Após dias de busca, finalmente achamos uma antiga porta apodrecida. A madeira úmida desfez-se em pedaços quando tentei abri-la.
Hani franziu o nariz e abanou a cabeça:
— Vou ralar os joelhos.
Iluminando o outro lado da porta destruída com minha lamparina de simpatia, entendi o que ela queria dizer. O cômodo adiante ia se inclinando para baixo, até o teto ficar a apenas um metro do piso.
— Você espera por mim? — perguntei, tirando a capa e arregaçando as mangas da camisa. — Não sei se consigo encontrar o caminho para subir de novo sem você.
Hani balançou a cabeça, com ar apreensivo:
— As entradas são mais fáceis do que as saídas, você sabe. Há lugares apertados. Você pode se entalar.
Eu estava tentando não pensar nisso:
— Vou só dar uma espiada. Volto em meia hora.
Ela inclinou a cabeça:
— E se não voltar?
Sorri:
— Você terá que descer para me resgatar.
Hani fez que sim, o rosto solene como o de uma criança compenetrada.
Coloquei a lâmpada de simpatia na boca, usando a luz vermelha para iluminar o espaço negro como breu à minha frente. Em seguida pus-me de gatinhas e avancei, arranhando os joelhos na pedra áspera do chão.
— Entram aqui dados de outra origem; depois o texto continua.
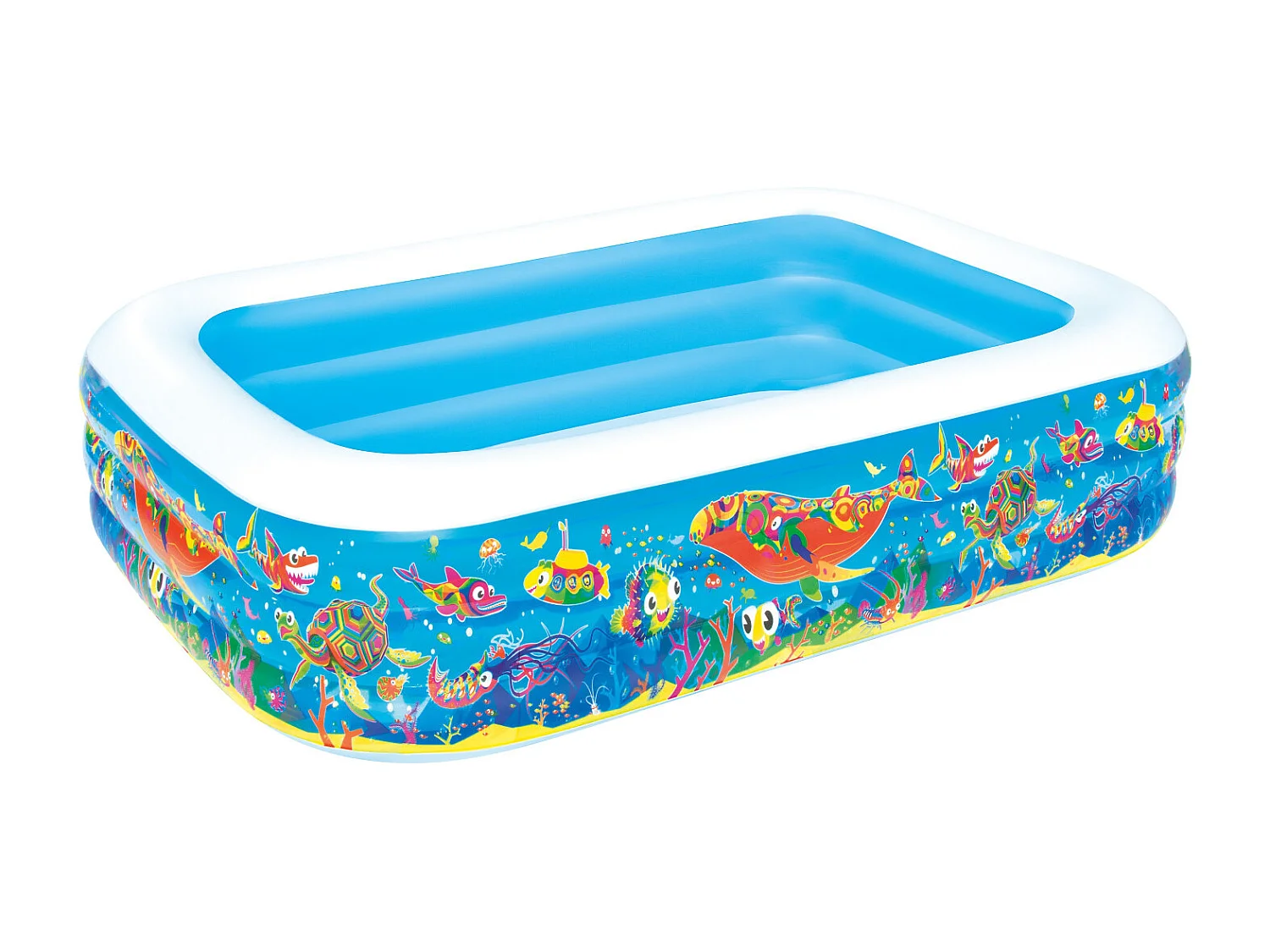 Bestway Opblaasbaar Rechthoekig Kinderzwembad 229x152x56 cm - Bloemendesign, Eenvoudig Aftapventiel, 702 L Watercapaciteit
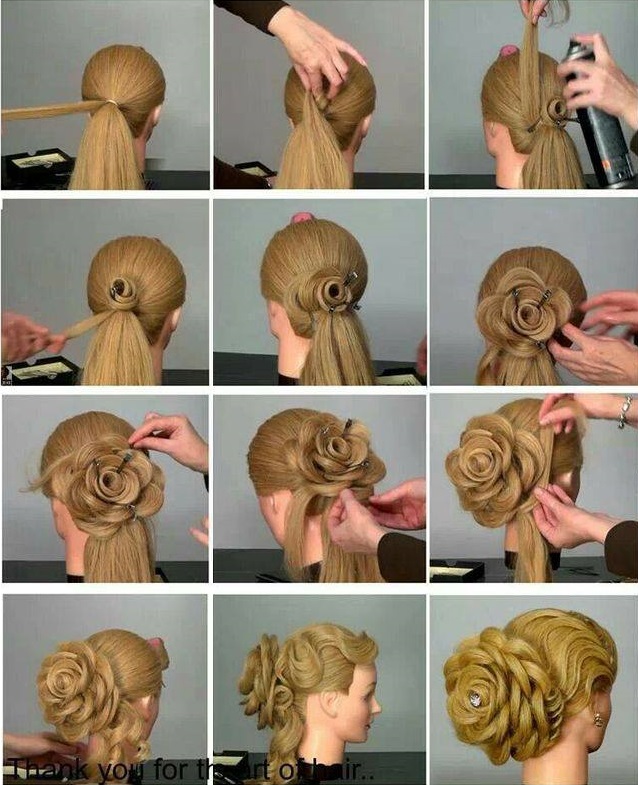 How to DIY Rose Flower Hairbun Updo Hairstyle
Após várias curvas, o teto desceu ainda mais, ficando muito baixo até mesmo para se andar de quatro. Depois de um longo momento de reflexão, arriei-me de bruços e segui adiante, empurrando a lâmpada à minha frente. Cada torção do corpo repuxava as fileiras de pontos suturados em minhas costas.
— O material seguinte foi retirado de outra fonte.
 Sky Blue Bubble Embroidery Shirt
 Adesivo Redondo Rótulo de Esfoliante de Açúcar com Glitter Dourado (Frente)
Se você nunca esteve num subterrâneo profundo, duvido que possa compreender como é. A escuridão é absoluta, quase palpável. Fica espreitando a luz, pronta para invadi-la como uma inundação repentina.
O ar é parado e rarefeito. Não há ruídos, exceto os que você mesmo faz. Sua respiração soa alto nos ouvidos. Seu coração palpita em baques surdos. E o tempo todo você tem a consciência esmagadora de milhares de toneladas de terra e pedras empurrando-o para baixo.
Mesmo assim, segui adiante feito uma minhoca, avançando aos centímetros. Fiquei com as mãos imundas e suor pingando nos olhos. O caminho rastejante tornou-se ainda mais estreito e cometi a tolice de deixar um dos braços prender-se na minha lateral. Fui tomado por um suor frio pelo corpo todo, em pânico. Debati-me na tentativa de esticar o braço à frente...
Passados vários minutos de pavor, consegui soltá-lo. Então, depois de permanecer imóvel por um momento, tremendo no escuro, segui em frente.
E encontrei o que procurava...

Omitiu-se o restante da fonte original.